— Your task —
Begin with the opening line of the records and extract each line through the one holding "Ma-Cabane - Vente"; pictures are not part of the copy.

---------- Exercise inputs

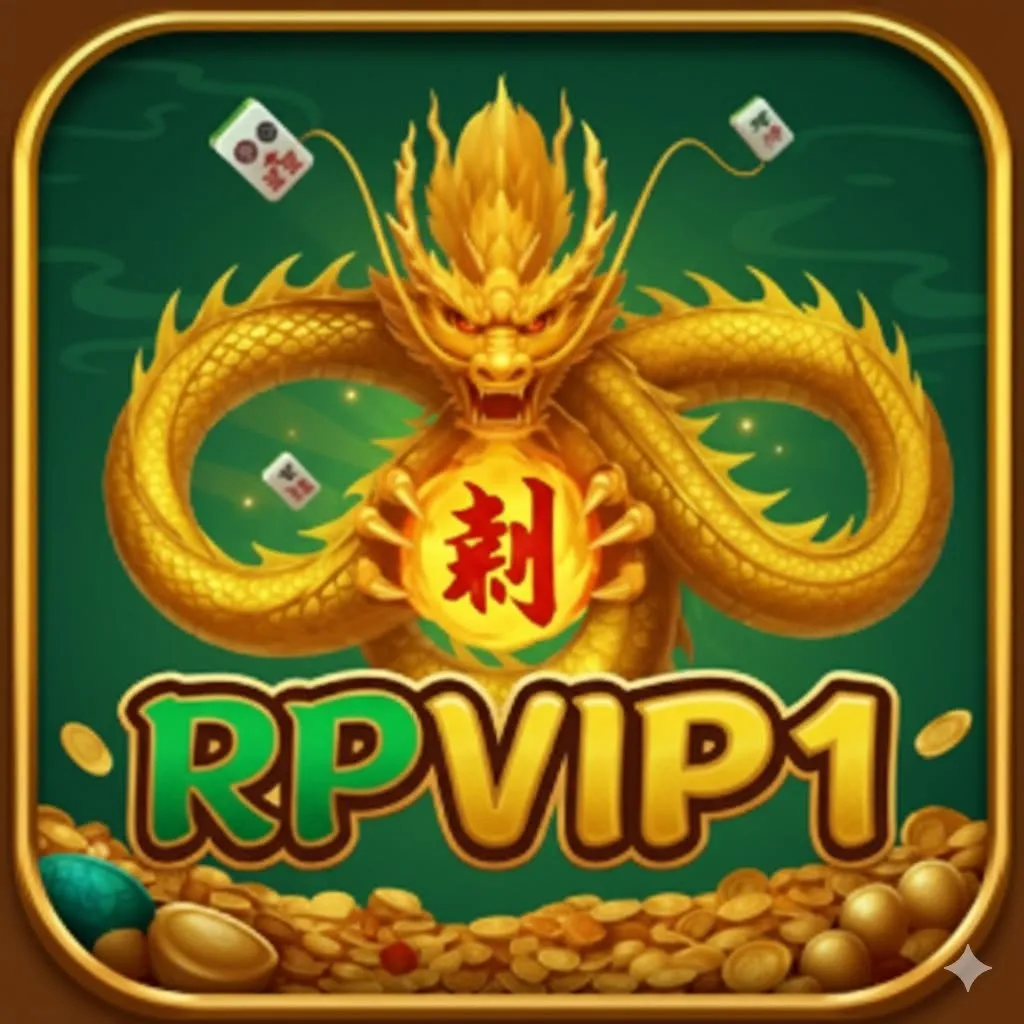 RPVIP1 - Petualangan Seru di Dunia Fantasi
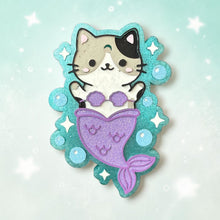 Load image into Gallery viewer, Meowmaid Freshie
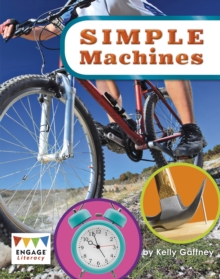 Image for Simple machines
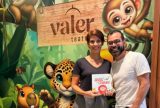 Valer Teatro recebe lançamento de livro que resgata ritual Sateré-Mawé neste sábado (31)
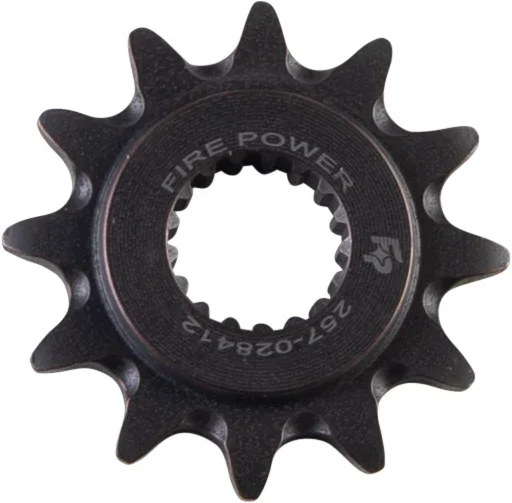 FIRE POWER - FPC-284-12-1 - Front CS Sprocket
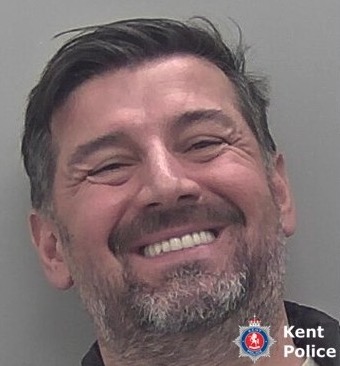 A drug dealer is arrested on the tarmac as he lands, leading to the collapse of a major cocaine network with his gang later jailed after a police investigation.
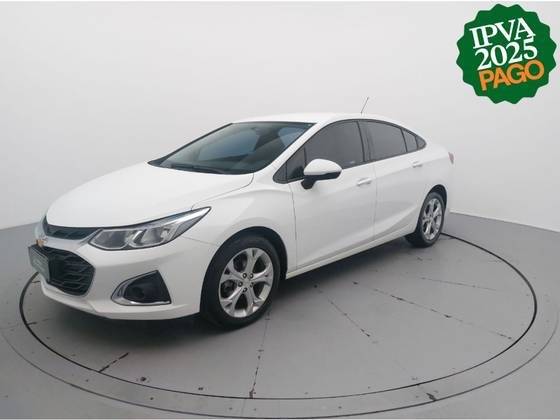 CHEVROLET CRUZE 2020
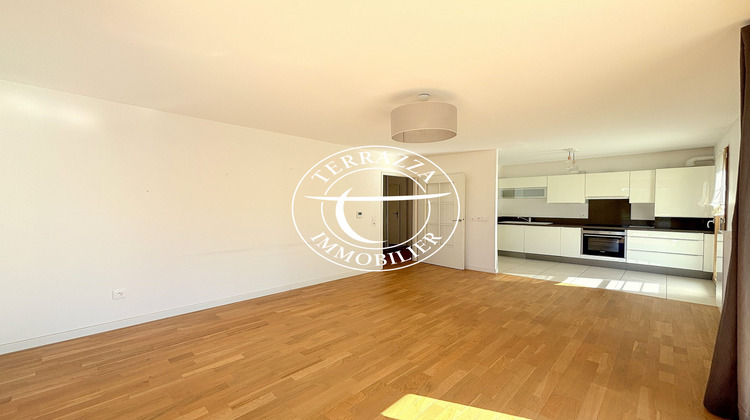 Ma-Cabane - Vente Appartement Marly-le-Roi, 60 m²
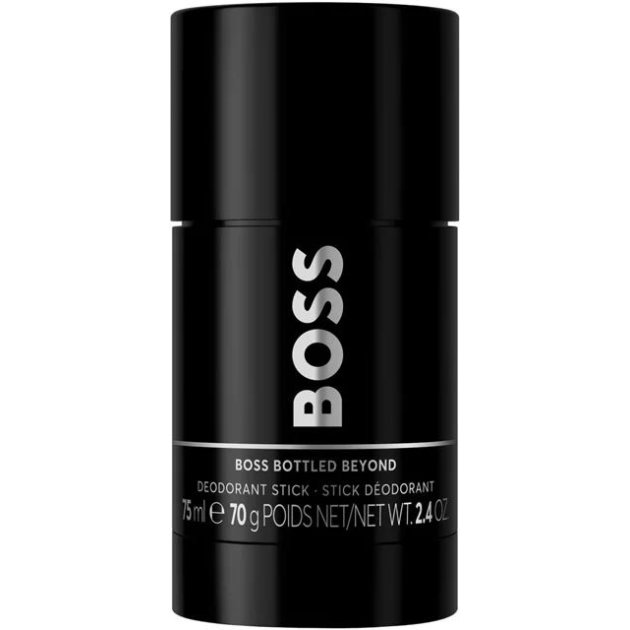 BOSS - Deo stick Bottled Beyond Deodorant Stick 99350214933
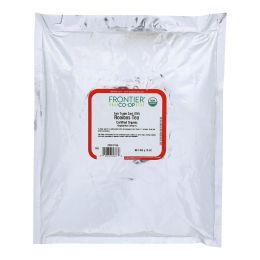 Frontier Herb Tea Organic Rooibos - Single Bulk Item - 1LB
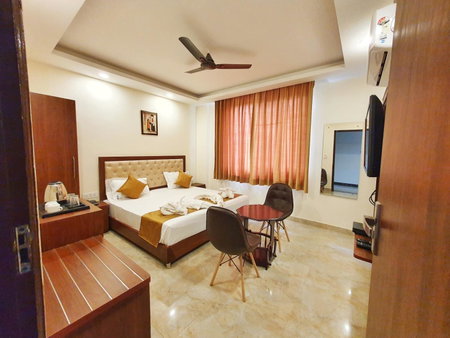 The Park Residency, Dehradun, India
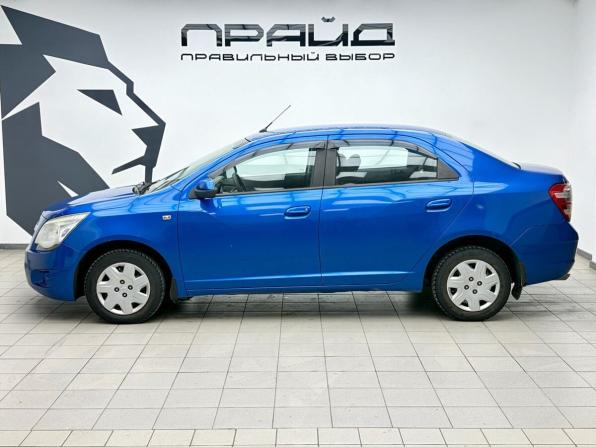 Chevrolet Cobalt II с пробегом 2013 года, цена 600 000 рублей, 268745 км, седан, Автокод Объявления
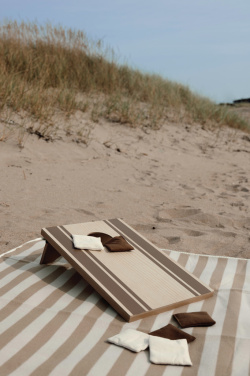 Logotrade promotional gift picture of: VINGA Cornhole game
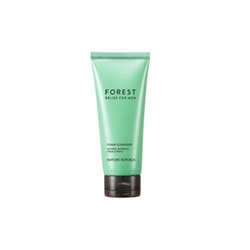 NATURE REPUBLIC Forest Relief for Man Foam Cleanser 150 ml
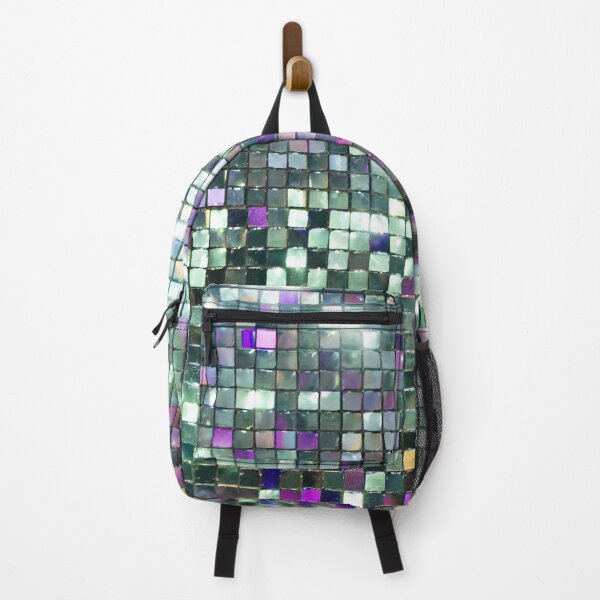 Item preview, Disco Mosaic Magic designed and sold by essentialimage.
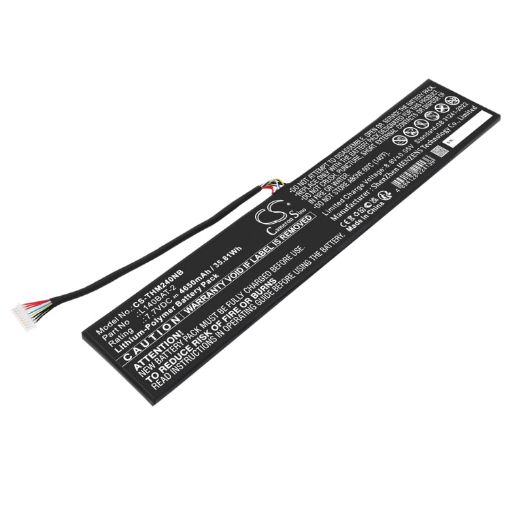 Battery for System76 Lemur Pro(9) & Lemur Pro(10) - 1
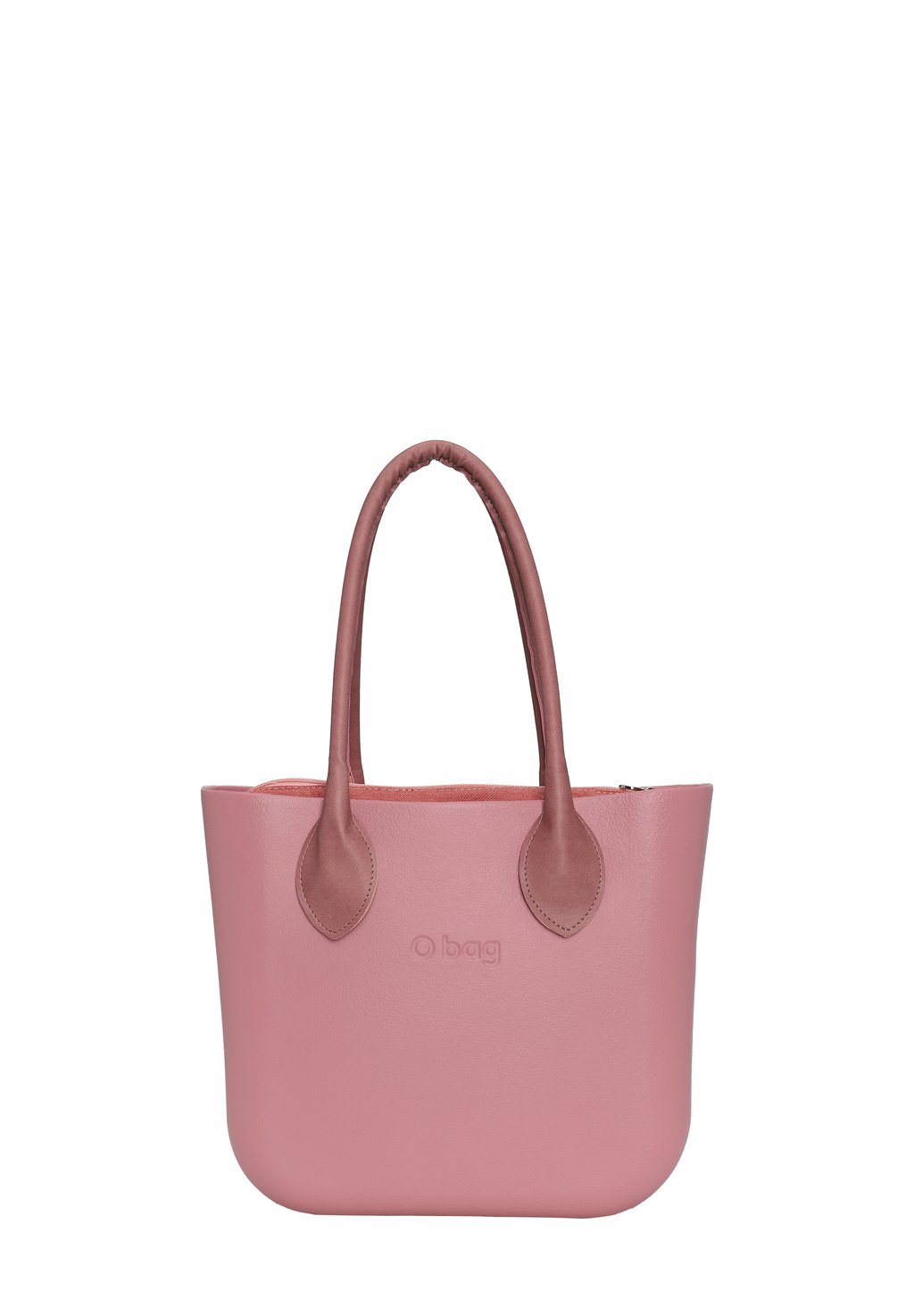 

Сумка MINI O Bag, цвет Pink Blush Plain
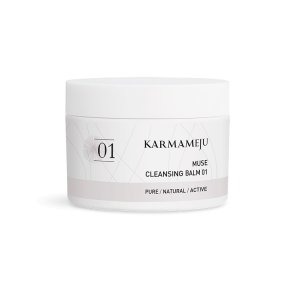 Karmameju MUSE Rensebalm 01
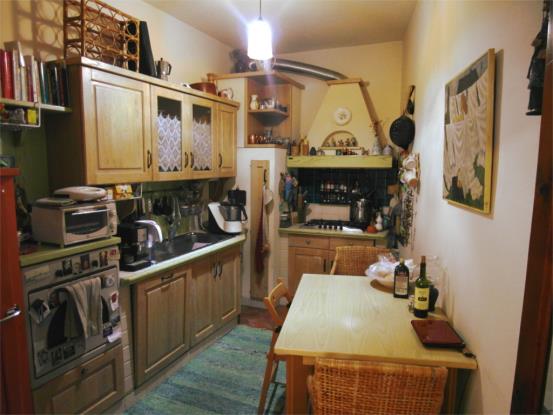 Image No.3-Appartement de 3 chambres à vendre à Sansepolcro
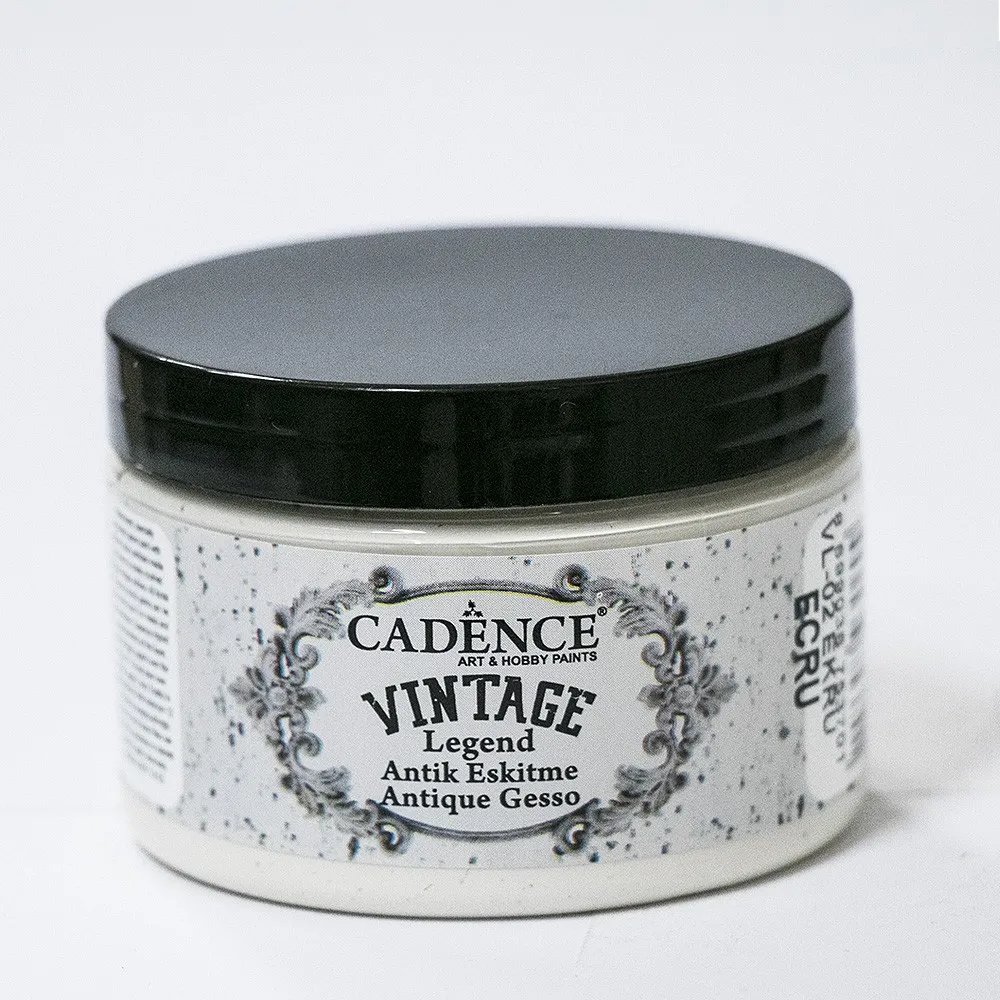 Античный винтажный темный сланец деревенская серая краска цветной ремонт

--------------------

— Task answer —
 RPVIP1 - Petualangan Seru di Dunia Fantasi
 Load image into Gallery viewer, Meowmaid Freshie
 Image for Simple machines
 Valer Teatro recebe lançamento de livro que resgata ritual Sateré-Mawé neste sábado (31)
 FIRE POWER - FPC-284-12-1 - Front CS Sprocket
 A drug dealer is arrested on the tarmac as he lands, leading to the collapse of a major cocaine network with his gang later jailed after a police investigation.
 CHEVROLET CRUZE 2020
 Ma-Cabane - Vente Appartement Marly-le-Roi, 60 m²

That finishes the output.